Kegiatan tersebut dihadiri Ketua DPRD Kota Bima Syamsurih, Anggota DPRD Provinsi NTB Abdul Rauf, perwakilan Pemerintah Kota Bima, serta sejumlah instansi terkait.

Kepala KSOP Kelas IV Bima M Junaidi memaparkan berbagai persoalan yang dihadapi Pelabuhan Bima, mulai dari keterbatasan kapasitas dermaga hingga pendangkalan alur pelayaran yang berdampak pada menurunnya kunjungan kapal.

Ia menjelaskan, rencana pemindahan pelabuhan ke kawasan Songgela sebenarnya telah diusulkan dengan kebutuhan anggaran sekitar Rp1 triliun. Namun hingga kini usulan tersebut belum mendapat tindak lanjut karena belum dilakukan survei dari pemerintah pusat.

“Karena keterbatasan fiskal, usulan pemindahan pelabuhan belum bisa direalisasikan. Saat ini yang paling memungkinkan adalah pengembangan fasilitas Pelabuhan Bima yang sudah ada,” ujarnya.

Menurut Junaidi, kondisi dermaga saat ini hanya mampu disandari dua kapal. Meski sebelumnya telah dilakukan pengerukan, kedalaman alur pelabuhan masih sekitar 7 meter dan terus mengalami sedimentasi akibat aliran sungai di sisi kiri dan kanan pelabuhan.

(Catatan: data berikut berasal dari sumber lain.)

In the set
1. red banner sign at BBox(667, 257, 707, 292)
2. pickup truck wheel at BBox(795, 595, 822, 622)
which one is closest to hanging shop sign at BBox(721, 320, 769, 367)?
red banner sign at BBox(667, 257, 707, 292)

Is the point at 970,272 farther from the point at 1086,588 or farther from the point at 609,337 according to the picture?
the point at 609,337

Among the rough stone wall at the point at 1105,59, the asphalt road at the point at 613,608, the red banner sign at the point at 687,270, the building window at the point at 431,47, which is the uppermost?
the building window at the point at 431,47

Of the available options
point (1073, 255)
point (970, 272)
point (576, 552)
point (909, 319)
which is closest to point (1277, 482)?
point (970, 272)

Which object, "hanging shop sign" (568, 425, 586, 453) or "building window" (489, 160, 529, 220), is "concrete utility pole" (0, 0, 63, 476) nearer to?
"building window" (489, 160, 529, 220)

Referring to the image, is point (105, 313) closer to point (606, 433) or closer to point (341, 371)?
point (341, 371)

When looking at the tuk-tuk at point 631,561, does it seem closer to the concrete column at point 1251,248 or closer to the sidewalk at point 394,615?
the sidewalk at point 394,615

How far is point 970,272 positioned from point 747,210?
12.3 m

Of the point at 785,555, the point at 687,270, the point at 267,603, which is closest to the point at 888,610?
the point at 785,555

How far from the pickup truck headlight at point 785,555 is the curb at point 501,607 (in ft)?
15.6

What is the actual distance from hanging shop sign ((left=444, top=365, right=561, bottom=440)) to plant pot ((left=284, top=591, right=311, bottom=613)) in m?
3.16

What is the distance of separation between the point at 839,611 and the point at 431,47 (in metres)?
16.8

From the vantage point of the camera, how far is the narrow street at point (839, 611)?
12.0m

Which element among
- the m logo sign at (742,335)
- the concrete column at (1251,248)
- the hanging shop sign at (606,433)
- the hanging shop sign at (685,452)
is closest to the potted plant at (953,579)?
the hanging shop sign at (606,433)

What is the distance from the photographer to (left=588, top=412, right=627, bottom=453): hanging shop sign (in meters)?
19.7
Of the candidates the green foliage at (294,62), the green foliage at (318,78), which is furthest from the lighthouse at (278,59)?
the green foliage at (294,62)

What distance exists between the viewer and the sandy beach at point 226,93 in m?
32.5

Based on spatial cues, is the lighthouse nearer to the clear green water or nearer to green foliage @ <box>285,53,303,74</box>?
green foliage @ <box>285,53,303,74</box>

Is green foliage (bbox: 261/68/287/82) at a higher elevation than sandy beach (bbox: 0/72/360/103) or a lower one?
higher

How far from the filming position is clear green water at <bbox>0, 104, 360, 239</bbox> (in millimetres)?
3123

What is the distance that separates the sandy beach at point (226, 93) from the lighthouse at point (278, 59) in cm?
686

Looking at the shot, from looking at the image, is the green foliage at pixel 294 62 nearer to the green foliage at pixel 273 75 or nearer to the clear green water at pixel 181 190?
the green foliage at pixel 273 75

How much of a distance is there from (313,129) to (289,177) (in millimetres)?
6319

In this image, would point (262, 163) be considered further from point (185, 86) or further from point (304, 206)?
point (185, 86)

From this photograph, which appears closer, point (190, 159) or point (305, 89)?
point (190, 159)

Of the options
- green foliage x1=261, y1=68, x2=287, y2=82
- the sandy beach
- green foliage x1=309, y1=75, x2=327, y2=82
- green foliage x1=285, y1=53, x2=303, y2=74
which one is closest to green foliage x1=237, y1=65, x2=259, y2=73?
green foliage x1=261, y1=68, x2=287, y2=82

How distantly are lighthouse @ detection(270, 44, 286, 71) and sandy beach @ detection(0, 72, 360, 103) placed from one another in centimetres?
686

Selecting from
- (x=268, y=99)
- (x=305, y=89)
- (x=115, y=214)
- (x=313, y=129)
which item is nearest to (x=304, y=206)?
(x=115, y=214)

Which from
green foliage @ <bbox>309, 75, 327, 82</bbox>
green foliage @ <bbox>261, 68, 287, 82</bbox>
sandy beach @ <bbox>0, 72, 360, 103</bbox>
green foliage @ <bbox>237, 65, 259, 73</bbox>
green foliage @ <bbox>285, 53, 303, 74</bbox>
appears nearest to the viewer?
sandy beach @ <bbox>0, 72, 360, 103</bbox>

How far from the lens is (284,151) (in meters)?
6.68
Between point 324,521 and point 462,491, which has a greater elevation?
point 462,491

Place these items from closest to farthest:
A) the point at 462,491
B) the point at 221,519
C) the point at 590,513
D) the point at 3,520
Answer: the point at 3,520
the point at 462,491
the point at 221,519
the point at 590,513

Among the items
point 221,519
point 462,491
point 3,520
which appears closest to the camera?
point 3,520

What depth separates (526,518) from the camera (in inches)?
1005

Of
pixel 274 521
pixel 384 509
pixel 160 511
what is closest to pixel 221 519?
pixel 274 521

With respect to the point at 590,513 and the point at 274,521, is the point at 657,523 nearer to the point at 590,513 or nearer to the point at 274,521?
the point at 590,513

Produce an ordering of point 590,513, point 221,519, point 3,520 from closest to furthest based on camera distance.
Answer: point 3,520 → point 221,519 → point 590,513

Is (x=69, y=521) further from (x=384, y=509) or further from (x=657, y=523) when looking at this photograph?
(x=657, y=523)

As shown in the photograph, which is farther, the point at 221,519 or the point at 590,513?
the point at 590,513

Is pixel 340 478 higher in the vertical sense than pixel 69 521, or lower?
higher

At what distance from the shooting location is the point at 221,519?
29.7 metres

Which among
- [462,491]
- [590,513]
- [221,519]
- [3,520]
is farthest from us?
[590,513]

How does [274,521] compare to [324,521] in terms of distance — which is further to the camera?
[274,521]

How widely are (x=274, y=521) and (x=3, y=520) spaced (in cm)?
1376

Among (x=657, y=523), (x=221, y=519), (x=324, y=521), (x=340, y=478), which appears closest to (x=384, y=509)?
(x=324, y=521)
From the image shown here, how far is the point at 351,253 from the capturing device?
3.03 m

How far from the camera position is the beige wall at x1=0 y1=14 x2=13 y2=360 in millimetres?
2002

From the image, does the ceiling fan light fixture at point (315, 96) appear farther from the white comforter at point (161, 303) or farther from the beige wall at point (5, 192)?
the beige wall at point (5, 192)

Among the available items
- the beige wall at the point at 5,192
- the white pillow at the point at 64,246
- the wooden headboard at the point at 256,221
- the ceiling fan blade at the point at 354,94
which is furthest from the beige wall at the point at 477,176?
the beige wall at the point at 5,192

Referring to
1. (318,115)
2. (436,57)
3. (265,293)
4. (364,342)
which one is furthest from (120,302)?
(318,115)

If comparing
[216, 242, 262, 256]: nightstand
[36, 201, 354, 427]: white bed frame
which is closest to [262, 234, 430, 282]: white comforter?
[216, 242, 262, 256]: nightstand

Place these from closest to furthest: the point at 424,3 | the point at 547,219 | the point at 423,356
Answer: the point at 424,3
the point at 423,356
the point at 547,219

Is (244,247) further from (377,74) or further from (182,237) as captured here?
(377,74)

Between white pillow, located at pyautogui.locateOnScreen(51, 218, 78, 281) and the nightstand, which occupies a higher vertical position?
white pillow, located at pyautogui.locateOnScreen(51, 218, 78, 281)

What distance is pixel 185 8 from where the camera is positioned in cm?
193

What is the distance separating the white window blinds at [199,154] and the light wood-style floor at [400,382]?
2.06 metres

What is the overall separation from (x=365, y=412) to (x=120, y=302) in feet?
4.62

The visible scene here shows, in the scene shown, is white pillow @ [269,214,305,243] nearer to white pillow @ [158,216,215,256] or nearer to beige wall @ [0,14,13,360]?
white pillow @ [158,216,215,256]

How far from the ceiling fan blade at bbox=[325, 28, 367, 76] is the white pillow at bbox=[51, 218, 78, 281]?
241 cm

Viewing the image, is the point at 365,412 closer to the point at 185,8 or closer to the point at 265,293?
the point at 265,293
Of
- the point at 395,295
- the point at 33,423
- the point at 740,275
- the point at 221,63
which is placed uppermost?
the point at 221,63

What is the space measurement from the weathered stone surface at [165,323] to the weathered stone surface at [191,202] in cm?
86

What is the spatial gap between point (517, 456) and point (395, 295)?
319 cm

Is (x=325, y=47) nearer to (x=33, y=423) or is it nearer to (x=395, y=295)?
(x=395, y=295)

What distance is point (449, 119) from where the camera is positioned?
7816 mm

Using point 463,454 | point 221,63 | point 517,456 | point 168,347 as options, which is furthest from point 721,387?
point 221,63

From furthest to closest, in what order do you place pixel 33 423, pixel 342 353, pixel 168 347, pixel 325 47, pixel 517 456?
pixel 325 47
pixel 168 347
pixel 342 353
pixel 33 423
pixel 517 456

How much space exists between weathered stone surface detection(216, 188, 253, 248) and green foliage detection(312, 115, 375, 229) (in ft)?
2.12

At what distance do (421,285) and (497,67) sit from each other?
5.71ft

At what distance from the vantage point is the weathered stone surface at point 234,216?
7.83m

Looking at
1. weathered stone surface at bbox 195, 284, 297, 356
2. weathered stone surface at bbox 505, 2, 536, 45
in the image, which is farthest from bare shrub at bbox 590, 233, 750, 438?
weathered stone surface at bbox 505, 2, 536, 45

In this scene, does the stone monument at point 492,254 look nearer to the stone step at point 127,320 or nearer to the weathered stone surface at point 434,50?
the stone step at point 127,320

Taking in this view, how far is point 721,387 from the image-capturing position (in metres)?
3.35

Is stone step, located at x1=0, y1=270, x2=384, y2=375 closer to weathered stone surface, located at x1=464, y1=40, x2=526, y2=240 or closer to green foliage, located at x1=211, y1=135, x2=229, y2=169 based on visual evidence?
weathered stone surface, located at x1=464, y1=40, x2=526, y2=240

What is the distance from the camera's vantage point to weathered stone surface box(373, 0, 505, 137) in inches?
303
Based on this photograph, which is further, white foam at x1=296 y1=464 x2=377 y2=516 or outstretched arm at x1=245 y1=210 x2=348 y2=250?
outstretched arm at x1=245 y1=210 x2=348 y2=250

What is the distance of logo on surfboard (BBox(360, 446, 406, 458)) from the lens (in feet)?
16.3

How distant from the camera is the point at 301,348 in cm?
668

Untuk mengatasi persoalan tersebut, KSOP mengusulkan pembangunan tambahan dermaga dengan kebutuhan anggaran sekitar Rp400 miliar.

“Kami juga membutuhkan dukungan Pemerintah Kota Bima, terutama rekomendasi terhadap kebutuhan pembangunan dermaga ini. Keterbatasan fasilitas membuat kapal harus mengantre hingga satu bulan untuk bersandar, sehingga berdampak pada kelangkaan barang dan meningkatnya biaya operasional pelayaran,” jelasnya.

Ia berharap dukungan politik dari Komisi V DPR RI dapat mempercepat realisasi pembangunan fasilitas pelabuhan, mengingat Pelabuhan Bima memiliki peran penting dalam melayani distribusi berbagai komoditas unggulan dari wilayah Bima dan sekitarnya.

Menanggapi hal tersebut, H Mori Hanafi menegaskan bahwa pengembangan Pelabuhan Bima menjadi salah satu perhatian yang telah beberapa kali disampaikannya dalam Rapat Dengar Pendapat (RDP) bersama Kementerian Perhubungan.

Menurutnya, pemindahan pelabuhan ke Songgela tetap menjadi solusi jangka panjang, karena kawasan tersebut tidak memiliki aliran sungai yang berpotensi menimbulkan sedimentasi.

“Untuk jangka panjang memang Songgela menjadi pilihan yang ideal. Namun melihat kondisi fiskal saat ini, langkah yang paling realistis adalah mengembangkan Pelabuhan Bima yang sudah ada, apalagi dokumen Detail Engineering Design (DED)-nya telah tersedia,” katanya.

Mori juga menyatakan komitmennya untuk mengawal usulan tersebut di tingkat pusat. Ia optimis pengembangan Pelabuhan Bima dapat segera direalisasikan melalui sinergi antara pemerintah daerah, KSOP, dan pemerintah pusat.

“Inshaa Allah saya akan terus berkoordinasi dengan Kementerian Perhubungan. Semoga kita bisa saling bahu-membahu untuk mewujudkan pembangunan fasilitas Pelabuhan Bima demi mendukung pertumbuhan ekonomi daerah,” pungkasnya.